Erin’s Recommended Tools/Products for Fruit-Studded Holiday Bread
Please note that some of the links listed below are affiliate links, meaning if you were to make a purchase through one, I would receive a small commission. Thanks for your support of The Speckled Palate!
- Essentials: Stand mixer.
- Get the look!: Gold dot dessert plate (Similar from 8 Oak Lane.) Threshold White Appetizer Plate with Gold Rim. Nonstick baking mat. Sheet pan.
I meaaaaaaan… how could you NOT love this bread? It takes some time and some love, but trust me when I say this is well-worth the trouble. As an added bonus, everyone you know who you share this bread with will just adore you.
Here’s how you can make your own:
Fruit-Studded Holiday Bread for Easter
- 1 cup milk (whole, skim, even almond works), at room temperature
- 2 1/4 teaspoons active dry yeast
- 1 cup unbleached all-purpose flour
- 1/4 cup dried currants
- 1/2 cup golden raisins
- 1/4 cup sun-dried raisins
- 1/4 cup dried apricots , chopped
- 1 cup dried cranberries
- 2 tablespoons dark spiced rum
- 2 eggs + 3 egg yolks
- 12 tablespoons unsalted butter , melted and at room temperature (1 1/2 sticks)
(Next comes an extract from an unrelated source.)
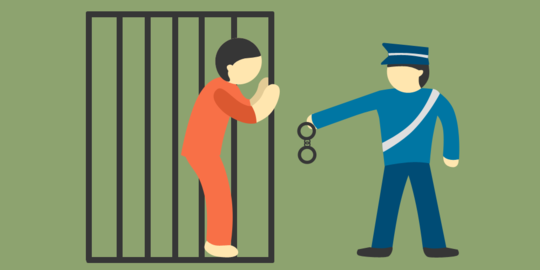 Ribut dengan petugas, napi bakar Lapas Piru di Maluku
- 2 teaspoons pure vanilla extract
- 4 cups unbleached all-purpose flour
- 1/2 cup granulated sugar
- 1 teaspoon kosher salt
- 1 1/2 teaspoons anise seeds
- 1 teaspoon ground cardamom
- 1 teaspoon ground cinnamon
- 1 teaspoon orange zest
- 1 1/2 teaspoons lemon zest
- 3/4 cup almond slivers , toasts
- 1 tablespoon heavy whipping cream
- 2 tablespoons raw sugar
Make the sponge
- Pour the milk into a large bowl. Add the yeast, then let dissolve.
- Whisk in a cup unbleached all-purpose flour, then cover the bowl.
- Leave in a warm place until it has doubled in size and is very frothy. This should take about 30 minutes, though it has taken upwards of an hour for me, depending on the weather.
Make the bread
- In the microwave, melt the butter. When completely melted, set aside and let cool slightly.
- Toast the almonds in a nonstick skillet over high heat or in the oven. When sufficiently browned, but not burned, remove from the heat, and cool.
- Measure the currants, raisins, cranberries and apricots into a bowl.
- Cover the dried fruit with hot water, and let stand for 10 minutes.
- Drain the fruit, then return to its original bowl, and stir in the rum before setting aside.
- In another bowl, measure out and beat the 2 whole eggs and 2 yolks.
- Once the sponge is ready, pour the beaten eggs, melted butter and vanilla extract into the sponge mixture, and stir together. Fold in the rum-soaked fruit, then set the sponge and fruit mixture aside.
- In the large bowl of a stand mixer, measure 4 cups of unbleached all-purpose flour, the sugar, salt, anise seeds, cardamom, cinnamon, orange and lemon zests, as well as the toasted slivered almonds. Whisk together.
- Pour the sponge mixture over the flour mixture and combine using the dough hook of the stand mixer. Start the mixer on a low speed, turning it up once the loose flour begins incorporating into the dough.
- When the dough comes together, allow the stand mixer to knead the dough for a few minutes before turning off the appliance and transferring the dough to a greased large bowl.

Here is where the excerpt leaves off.